J-SNACKKB / FLIP

A collection of tasks to probe the effectiveness of protein sequence representations in modeling aspects of protein design
Academic Free License v3.0
89 stars 14 forks source link

Wrong deletion masking for AAV task? #18

Open dlnp2 opened 2 years ago

dlnp2 commented 2 years ago

@sacdallago hi, thank you very much for your great data curation. I am planning to use the AAV dataset for my research.

I found that some deletion masks may not have been properly applied to the wild type sequences: as the image below shows, there are 29 sequences with different mutation_mask but with the same full_aa_sequnece as the wild type. Is this intended result?

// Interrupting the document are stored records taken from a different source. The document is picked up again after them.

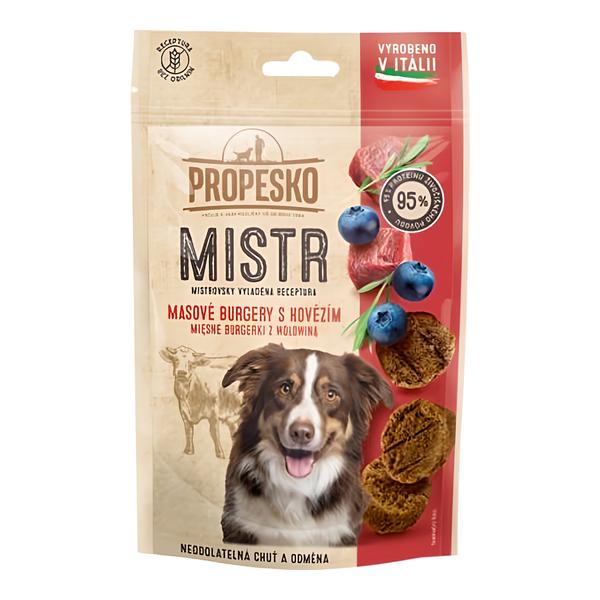 Propesko Mistr Snack burger hovězí,borůvka,rozmarýn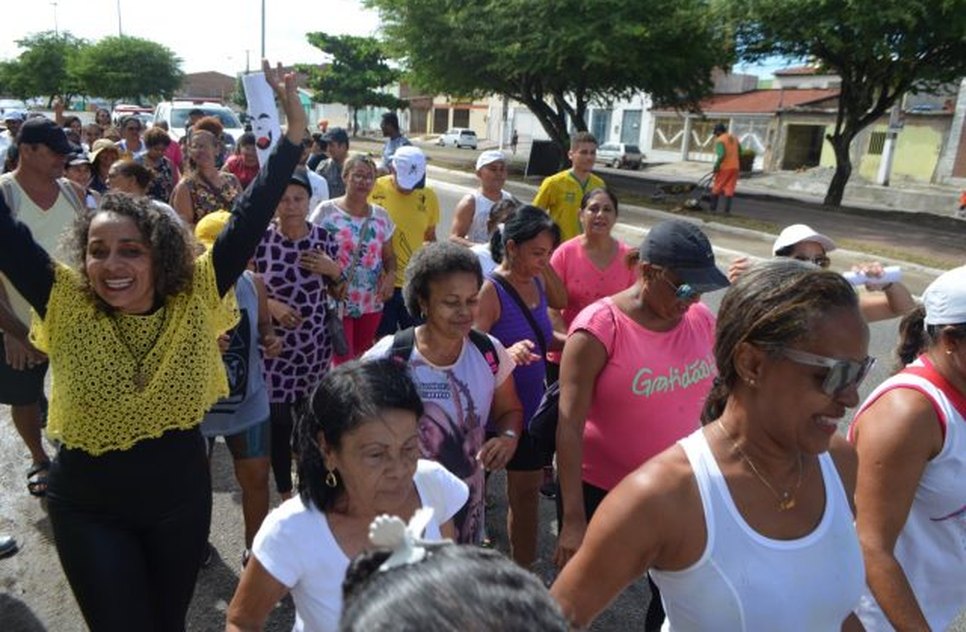 CAMINHADA CONTRA TABAGISMO / Foto: Socorro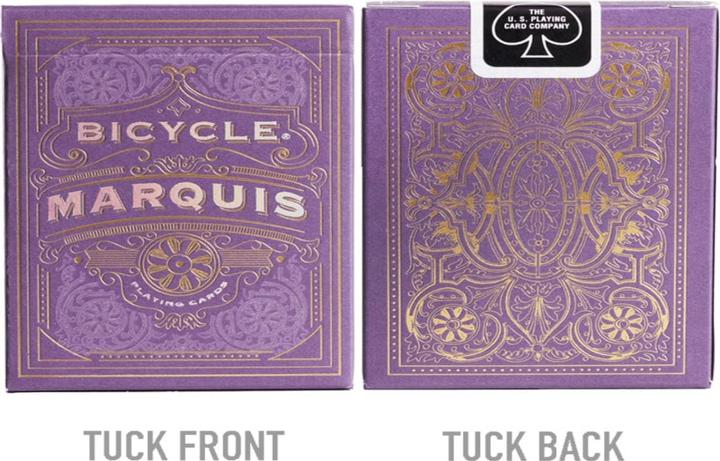 Actual product image Bicycle Marquis cards (English)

スクリーンショット 2022-08-23 17 23 25

Below is the code for replication:

import pandas as pd
from Bio import SeqIO
wt_seq = str(next(SeqIO.parse("P03135.fasta", "fasta")).seq)
variant_effects = pd.read_csv("full_data.csv")
wild_types = variant_effects.loc[variant_effects["full_aa_sequence"] == wt_seq]
wild_types
alex-hh commented 1 year ago

I believe these may be sequences containing stop codons, which are sometimes represented with '*' (and is implied by these sequences having the value 'stop' in the category column). There are a few extra variants containing stop codons that end up with different sequences to those above due to also containing other mutations. If that's right then I think (i) all such variants should be excluded from all splits, since models do not encode the stop codon so cannot predict the fitnesses of these sequences (ii) the README file https://github.com/J-SNACKKB/FLIP/tree/main/splits/aav should be corrected to say that "*" in mutation mask and mutated region means stop codon and not deletion.

To identify all such rows:

import pandas as pd

variant_effects = pd.read_csv("full_data.csv")
stop_variants = variant_effects[variant_effects["category"]=="stop"]

This is equivalent to selecting all variants in which the mutation mask contains "*":

stop_variants = variant_effects[variant_effects["mutation_mask"].apply(lambda x: "*" in x)]

Some of these sequences contain stop codons which are effectively 'insertions' and some contain stop codons which are 'substitutions'. The two cases aren't distinguished by mutation_mask.